**Dataset extract**

>>

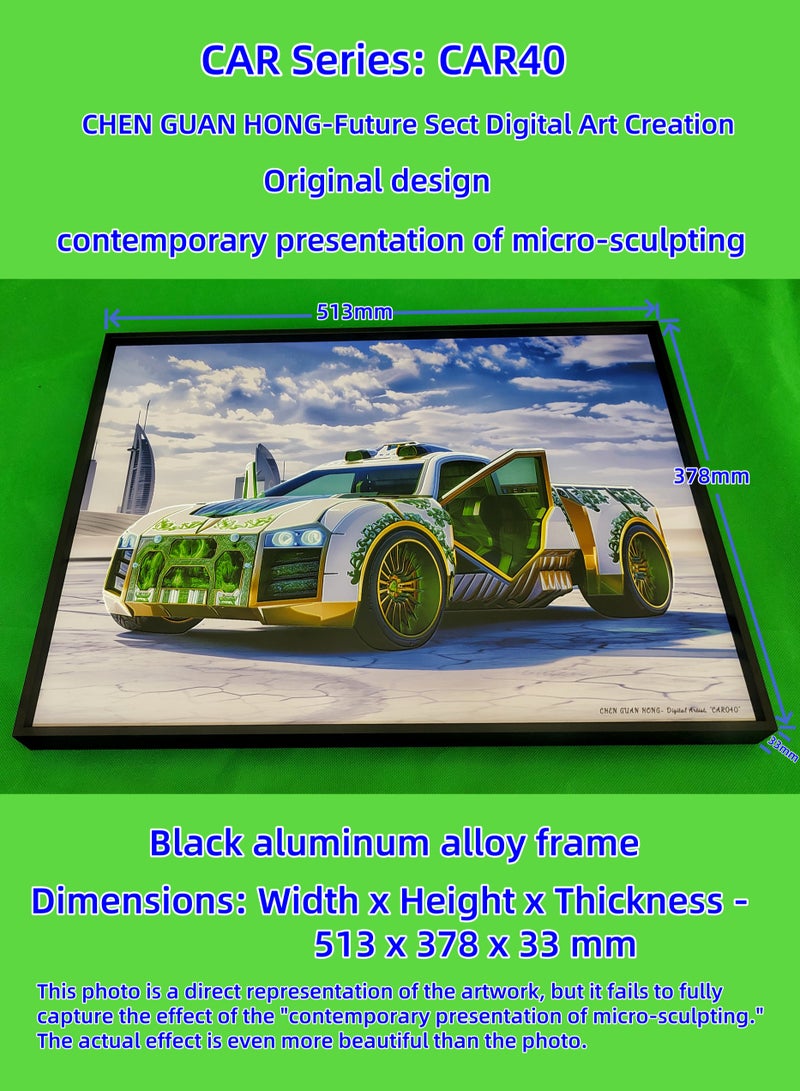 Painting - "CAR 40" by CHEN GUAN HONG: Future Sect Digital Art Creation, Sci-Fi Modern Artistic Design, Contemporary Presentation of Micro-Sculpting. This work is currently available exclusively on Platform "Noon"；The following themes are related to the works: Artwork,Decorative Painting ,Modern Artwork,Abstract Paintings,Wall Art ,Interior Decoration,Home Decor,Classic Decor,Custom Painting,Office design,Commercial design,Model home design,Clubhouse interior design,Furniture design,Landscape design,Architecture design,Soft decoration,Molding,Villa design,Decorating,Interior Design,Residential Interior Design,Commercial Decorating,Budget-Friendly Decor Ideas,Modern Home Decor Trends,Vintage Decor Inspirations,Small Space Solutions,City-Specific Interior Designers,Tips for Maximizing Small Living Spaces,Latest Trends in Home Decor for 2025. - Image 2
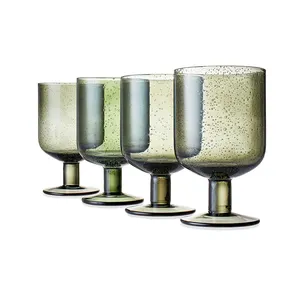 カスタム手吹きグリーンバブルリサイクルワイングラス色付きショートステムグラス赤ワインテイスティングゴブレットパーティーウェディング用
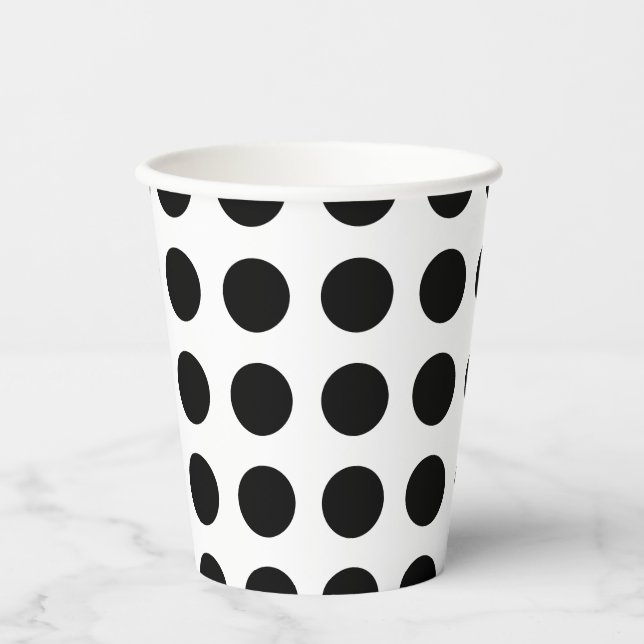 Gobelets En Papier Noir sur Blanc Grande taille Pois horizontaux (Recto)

<<
>>

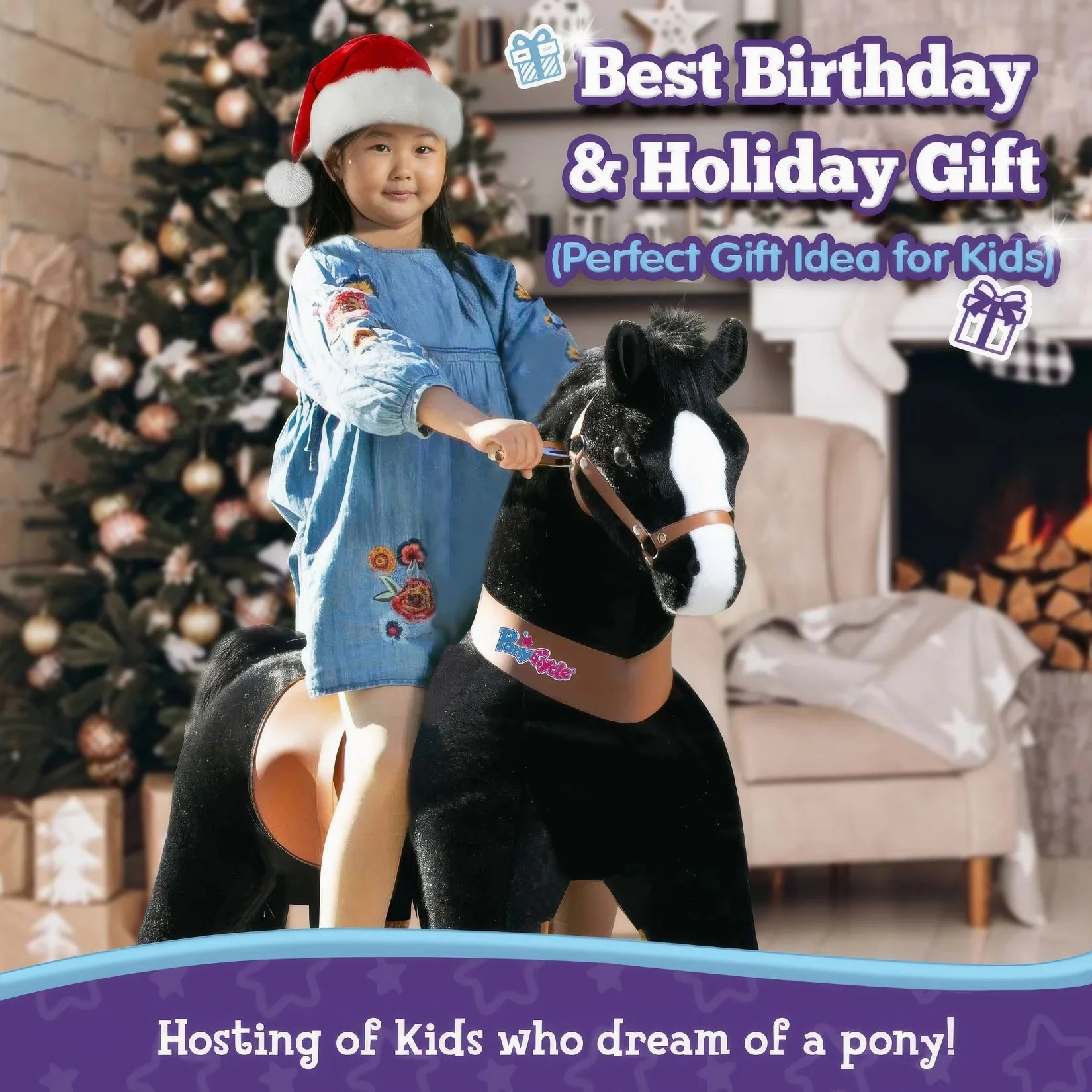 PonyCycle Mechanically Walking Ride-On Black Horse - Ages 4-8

<<
>>

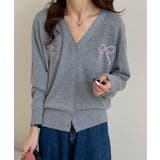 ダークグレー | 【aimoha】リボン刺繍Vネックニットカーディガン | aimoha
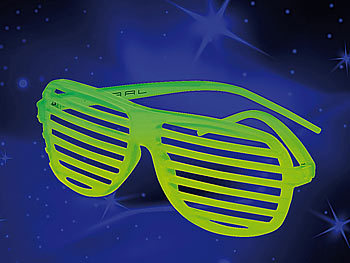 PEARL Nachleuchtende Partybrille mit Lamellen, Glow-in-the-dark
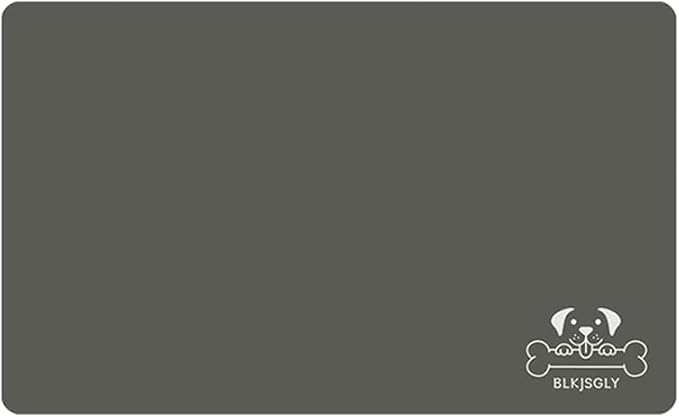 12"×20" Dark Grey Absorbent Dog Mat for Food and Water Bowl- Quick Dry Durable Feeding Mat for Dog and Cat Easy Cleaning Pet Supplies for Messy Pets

<<

**About this exercise**
Once the line with "2025. - Image 2" is found in the data above, reproduce it and each line after it exactly, through the line with "Gobelets En Papier". Omit the pictures.

**Solved exercise**
 Painting - "CAR 40" by CHEN GUAN HONG: Future Sect Digital Art Creation, Sci-Fi Modern Artistic Design, Contemporary Presentation of Micro-Sculpting. This work is currently available exclusively on Platform "Noon"；The following themes are related to the works: Artwork,Decorative Painting ,Modern Artwork,Abstract Paintings,Wall Art ,Interior Decoration,Home Decor,Classic Decor,Custom Painting,Office design,Commercial design,Model home design,Clubhouse interior design,Furniture design,Landscape design,Architecture design,Soft decoration,Molding,Villa design,Decorating,Interior Design,Residential Interior Design,Commercial Decorating,Budget-Friendly Decor Ideas,Modern Home Decor Trends,Vintage Decor Inspirations,Small Space Solutions,City-Specific Interior Designers,Tips for Maximizing Small Living Spaces,Latest Trends in Home Decor for 2025. - Image 2
 カスタム手吹きグリーンバブルリサイクルワイングラス色付きショートステムグラス赤ワインテイスティングゴブレットパーティーウェディング用
 Gobelets En Papier Noir sur Blanc Grande taille Pois horizontaux (Recto)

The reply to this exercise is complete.